CAPE CANAVERAL, Florida－The International Space Station bid adieu on Tuesday to 12 bottles of French Bordeaux wine and hundreds of snippets of grapevines which spent a year orbiting the world in the name of science.
SpaceX’s Dragon cargo capsule undocked from the station with the wine and vines along with thousands of kilograms of gear and research, including mice.
It was expected to splash down on Wednesday in the Gulf of Mexico off the coast of Tampa. The Atlantic had been targeted, but poor weather shifted the arrival to the other coast of Florida. SpaceX’s supply ships previously parachuted into the Pacific.
The carefully packed wine－each bottle nestled inside a steel cylinder to prevent breakage－remained corked aboard the orbiting lab. Space Cargo Unlimited, a Luxembourg startup behind the experiments, wanted the wine to age an entire year in space.
None of the bottles will be opened until the end of February. That’s when the company will pop open a bottle or two for an out-of-this-world wine tasting in Bordeaux by some of France’s top connoisseurs and experts.

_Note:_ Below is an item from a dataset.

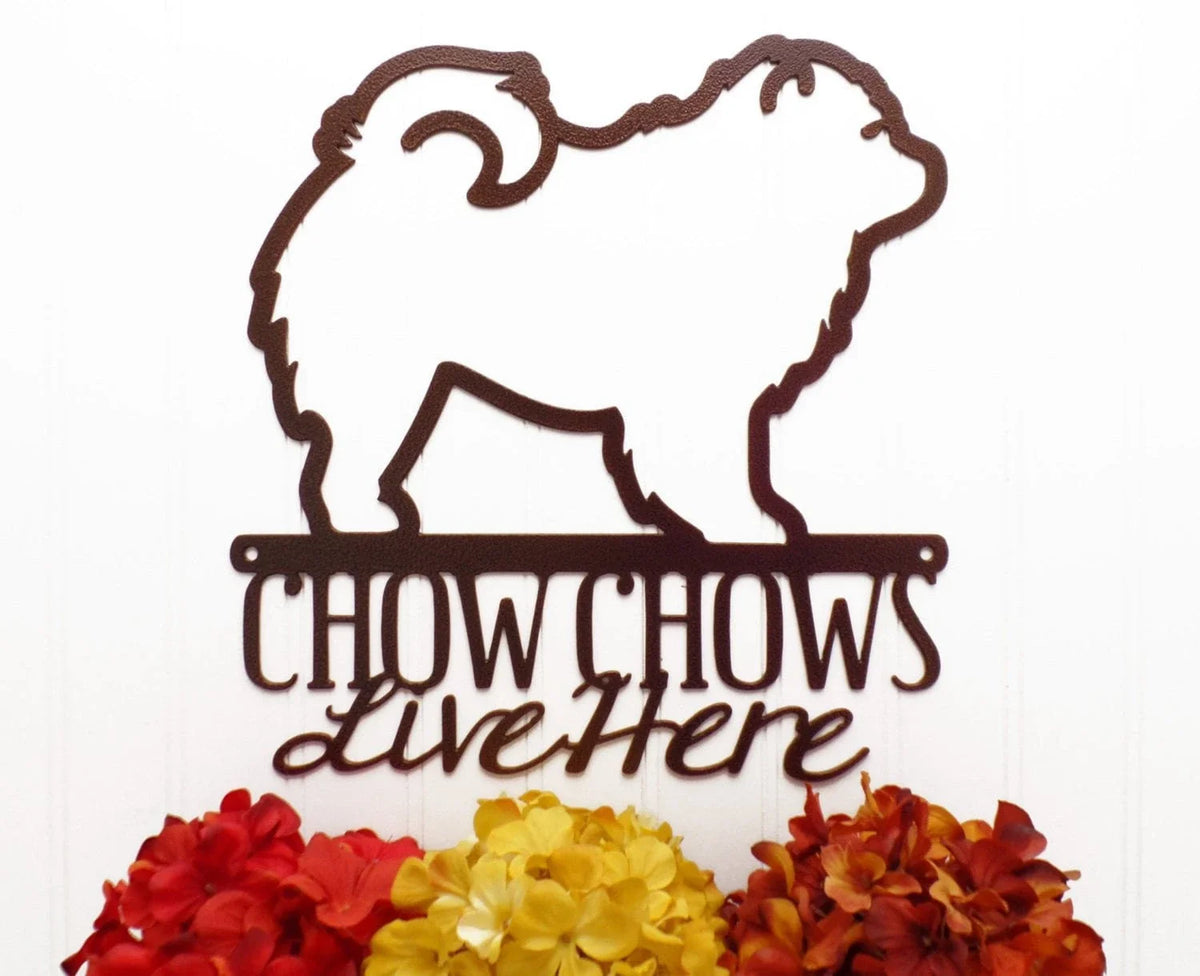 Chow Chows Live Here Metal Sign Copper Chow Chow Small Dog Dog Lover Gift Door Sign - 8 inches - metal sign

Months of chemical testing will follow. Researchers are eager to see how space altered the sedimentation and bubbles of the wine.

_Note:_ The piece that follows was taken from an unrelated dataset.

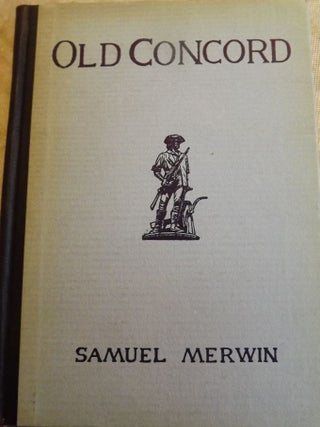 Item #47645 OLD CONCORD. Samuel MERWIN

Agricultural science is the primary objective, stresses Nicolas Gaume, the company’s CEO and co-founder. He admits though it will be fun to sample the wine. Gaume will be among the lucky few taking a sip.

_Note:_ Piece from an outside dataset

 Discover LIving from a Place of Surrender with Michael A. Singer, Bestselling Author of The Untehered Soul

“Our goal is to tackle the solution of how we’re going to have an agriculture tomorrow that is both organic and healthy and able to feed humanity, and we think space has the key,” Gaume said from Bordeaux.
With climate change, Gaume said agricultural products like grapes will need to adapt to harsher conditions. Through a series of space experiments, Space Cargo Unlimited hopes to take what’s learned by stressing the plants in weightlessness and turn that into more robust and resilient plants on Earth.
There’s another benefit. Gaume expects future explorers to the moon and Mars will want to enjoy some of Earth’s pleasures.
The wine hitched a ride to the space station in November 2019 aboard a Northrop Grumman supply ship. The 320 Merlot and Cabernet Sauvignon vine snippets were launched by SpaceX last March.